### EXERCISE GOAL
Reproduce nothing beyond the line containing "MENS RUSSELL PULLOVER". From the first line of the data below down to it, copy each line exactly, without the pictures.

[[ GIVEN MATERIAL open ]]

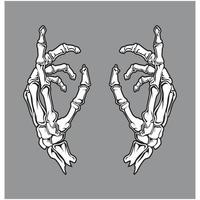 Hand Skeleton Skull Isometric Design Vector Graphic Illustrations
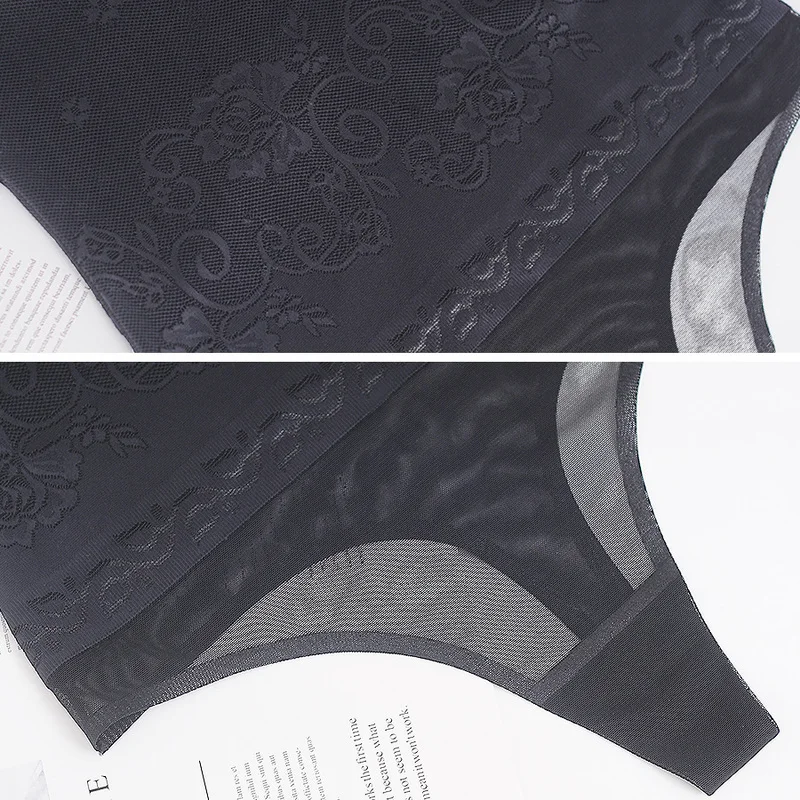 

Body Shaper Shaperwear Women High Waisted Bodysuit Tummy Slimming Underwear Seamless Abdomen Shape Wear Control Panties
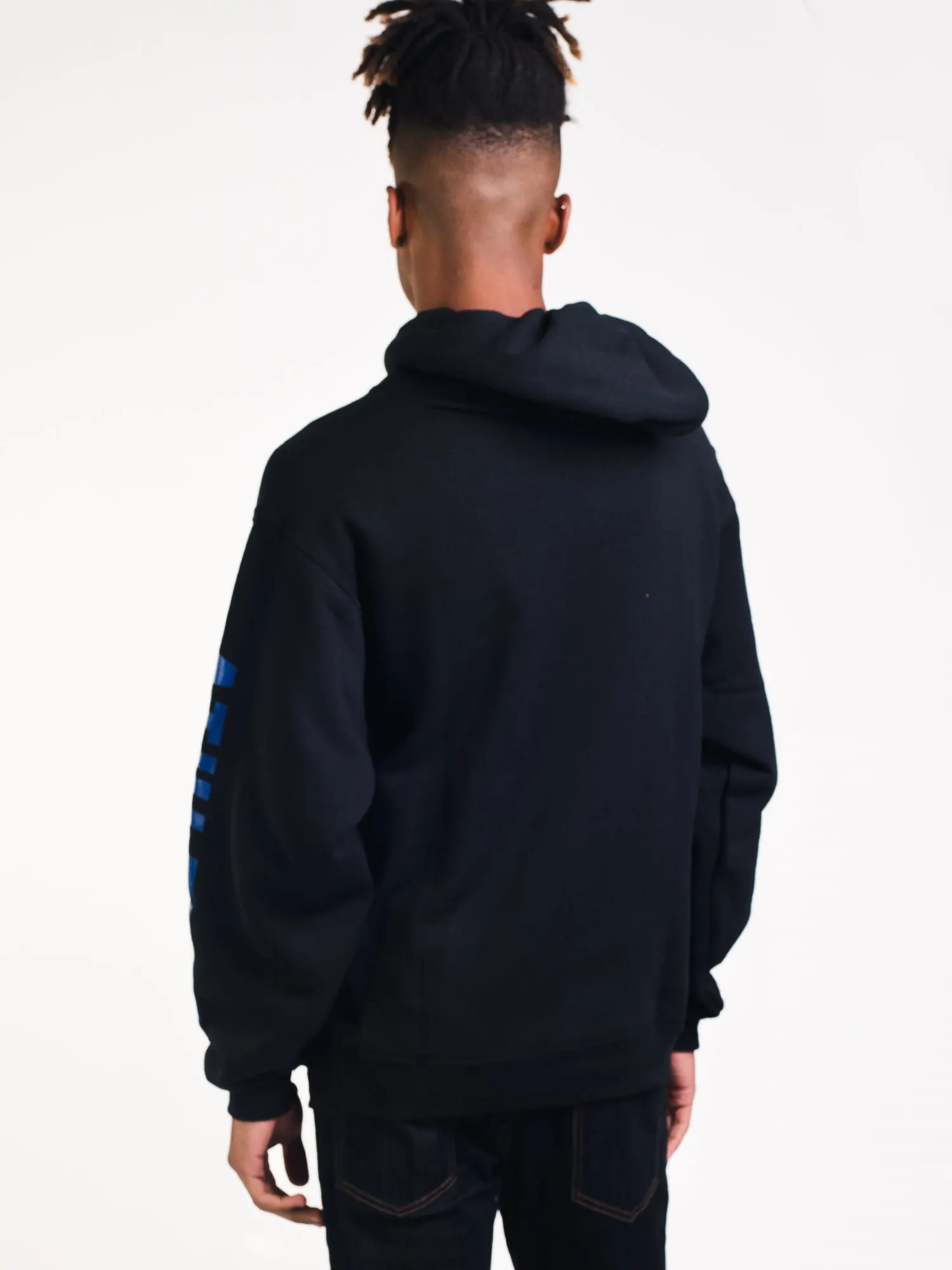 MENS RUSSELL PULLOVER HOODIE- BLACK - CLEARANCE sold by Boathouse product image thumbnail 2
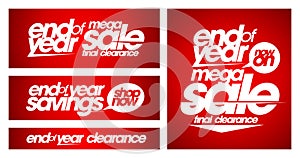 End of year mega sale banners.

[[ GIVEN MATERIAL closed ]]

### ANSWER TO THE EXERCISE
 Hand Skeleton Skull Isometric Design Vector Graphic Illustrations

Body Shaper Shaperwear Women High Waisted Bodysuit Tummy Slimming Underwear Seamless Abdomen Shape Wear Control Panties
 MENS RUSSELL PULLOVER HOODIE- BLACK - CLEARANCE sold by Boathouse product image thumbnail 2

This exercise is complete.